ASSIGNMENT:
Please write out the entire listing below exactly, excluding its pictures.

INPUT DATA:
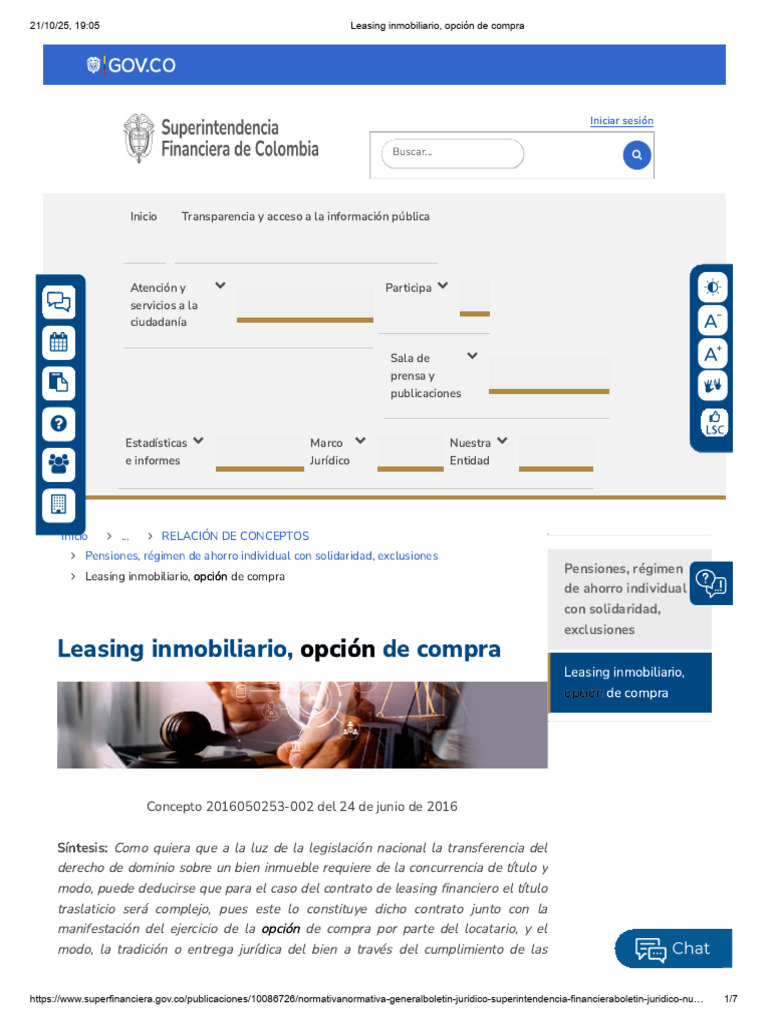 Opción de Compra en Leasing Inmobiliario | PDF | Propiedad | Justicia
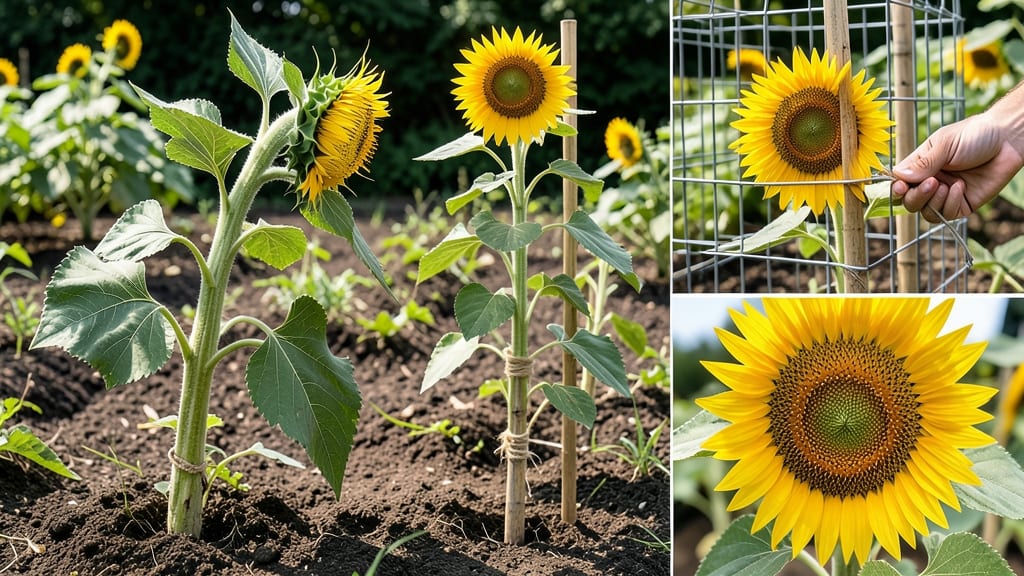 Do Sunflowers Need Support: Staking Secrets for Tall Varieties Without Breaking Stems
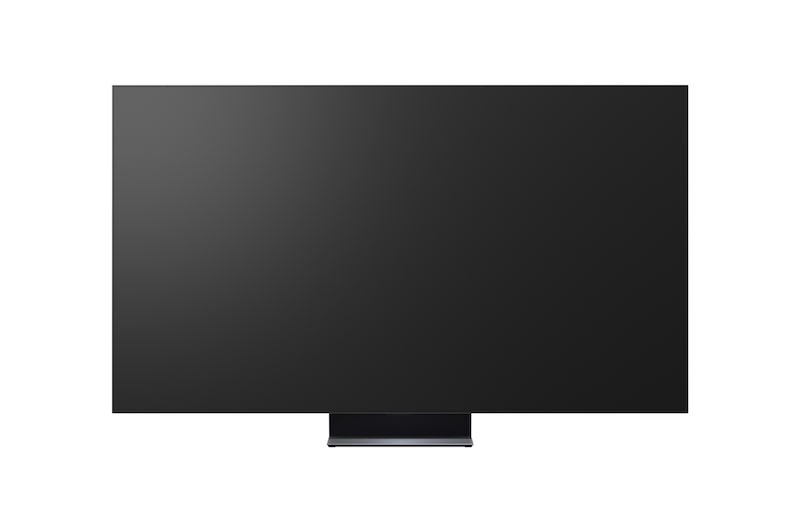 The front view of the LG OLED evo AI C6, released in 2026, displays an image of layered, multicolored forms, featuring Hyper Radiant Color Tech, Perfect Black & Perfect Color, along with the World’s No.1 OLED TV for 13 Years badge.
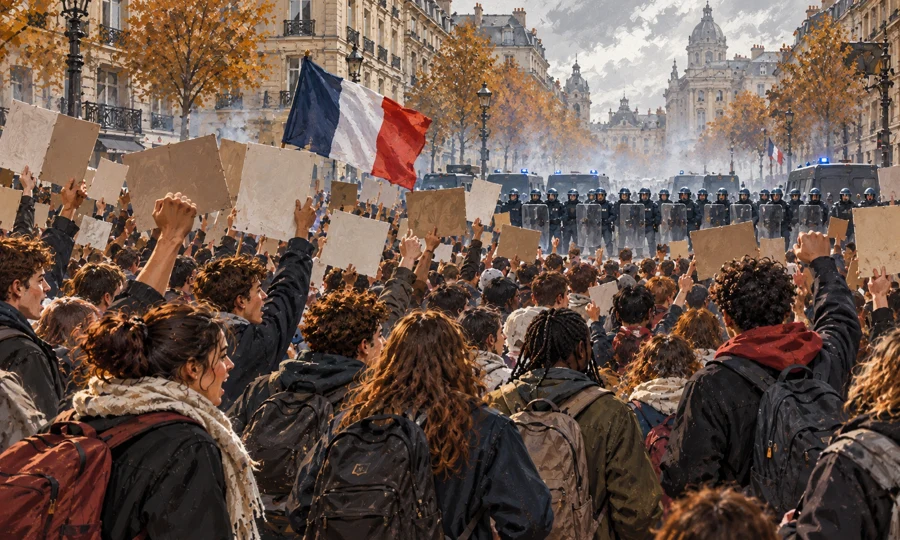 France’s School Protests Turn Into a National Crisis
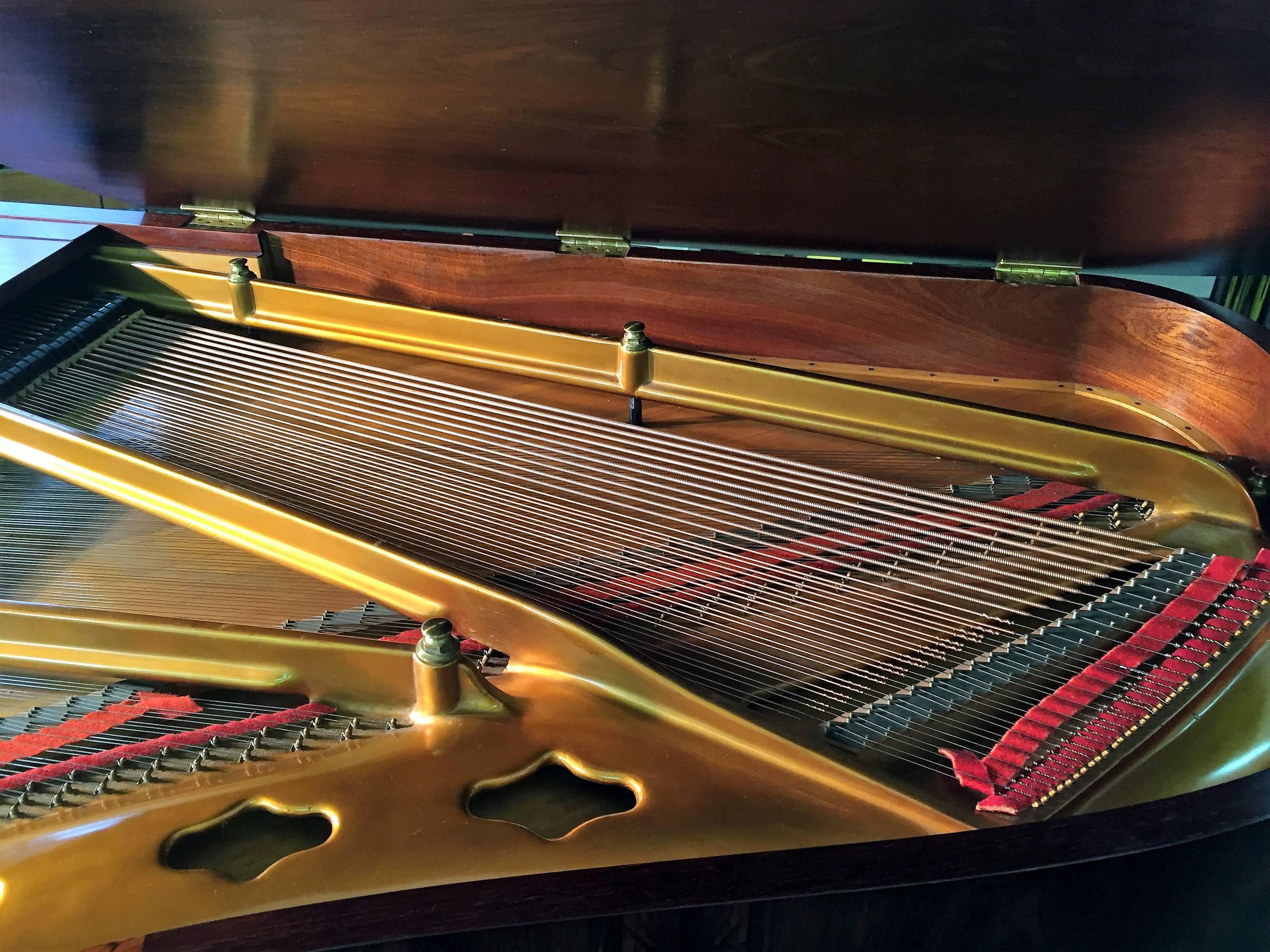 Grand Piano Erard Paris 1927, French Art Deco Rosewood Case, Restored 3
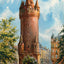 Eschenheimer Turm Frankfurt Vintage Print (7 Sizes) - Premium Quality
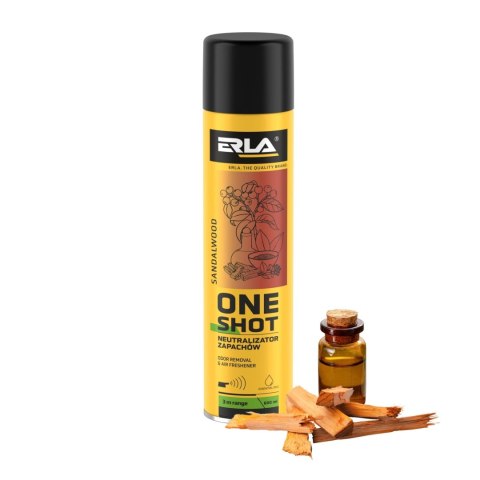 ONE SHOT Sandalwood - profesjonalny neutralizator i odświeżacz powietrza 600 ml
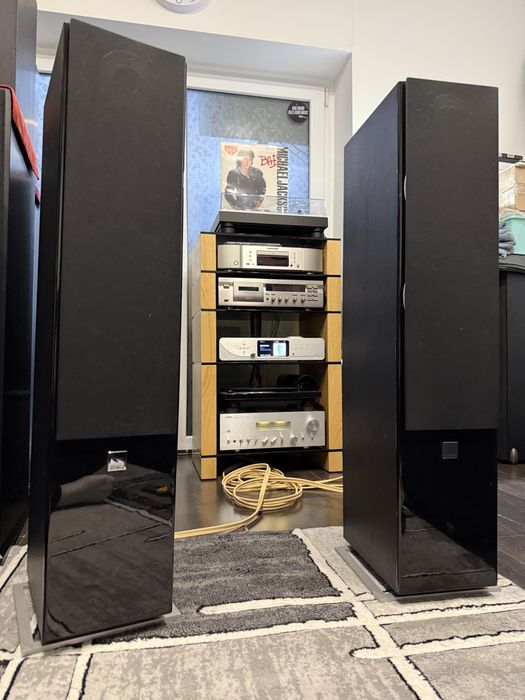 Dali Zensor 7,Piano Black Face,Negre,150W,Difz De 18Cm/7”aimpecabile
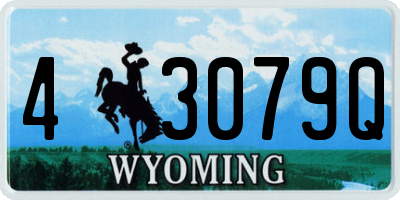 WY license plate 43079Q
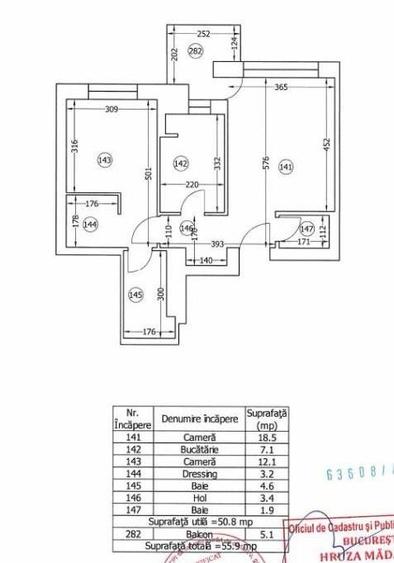 Apartament 2 camere cu 2 bai, Pipera - complex Onix North Park - 10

EXPECTED ANSWER:
 Opción de Compra en Leasing Inmobiliario | PDF | Propiedad | Justicia
 Do Sunflowers Need Support: Staking Secrets for Tall Varieties Without Breaking Stems
 The front view of the LG OLED evo AI C6, released in 2026, displays an image of layered, multicolored forms, featuring Hyper Radiant Color Tech, Perfect Black & Perfect Color, along with the World’s No.1 OLED TV for 13 Years badge.
 France’s School Protests Turn Into a National Crisis
 Grand Piano Erard Paris 1927, French Art Deco Rosewood Case, Restored 3
 Eschenheimer Turm Frankfurt Vintage Print (7 Sizes) - Premium Quality
 ONE SHOT Sandalwood - profesjonalny neutralizator i odświeżacz powietrza 600 ml
 Dali Zensor 7,Piano Black Face,Negre,150W,Difz De 18Cm/7”aimpecabile
 WY license plate 43079Q
 Apartament 2 camere cu 2 bai, Pipera - complex Onix North Park - 10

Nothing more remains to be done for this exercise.